How can we prove using mathematical induction that #n^2+n+1# is an odd number if n is a natural number?

1 Answer
Mar 31, 2017

See Explanation.
or try again yourself keeping in mind that : -
Any even number can be represented as 2t and any odd number can be represented as 2t+1 where t is also a natural number

Explanation:

Assuming you know the general algorithm of Principle of mathematical induction;

1 . Checking if the statement is true for #n=1#.
#1^2+1+1 = 3# which is odd

2 . Assuming statement is true for some natural number #k#.
i.e. #k^2+k+1# is odd.
i.e. #k^2 + k +1 = 2l+1# where #l# is another natural number.

[any even number can be represented as 2t and any odd number can be represented as 2t+1 where t is also a natural number]
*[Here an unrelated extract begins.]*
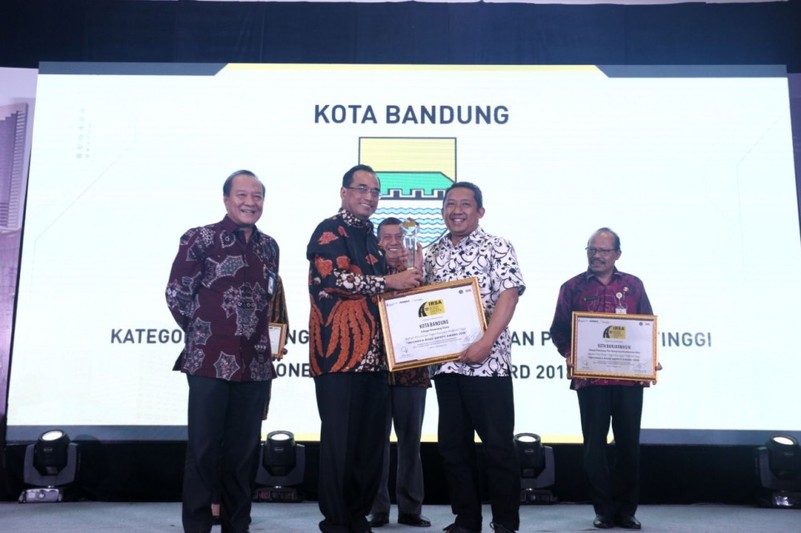 Raih 6 Penghargaan, Kota Bandung Pemenang Utama IRSA 2018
3 . To prove that statement is true for natural number next to #k# i.e. #k+1#.

#implies# to prove that # (k+1)^2+(k+1)+1# is also odd.
# (k+1)^2+(k+1)+1 = k^2 + 1 + 2k + k +1 +1#
#= (k^2 + k +1) +2k +2#
#= (2l +1) +2(k+1) # (from point 2.)
#=2l +1 +2(k+1)#
#= 2(l+k+1) +1#
#= 2p+1# #-=# ODD (where p is a natural number)

now since all three, #l, k, 1# are natural numbers, their sum i.e. #l+k+1# is also a natural number and can be represented by another natural number.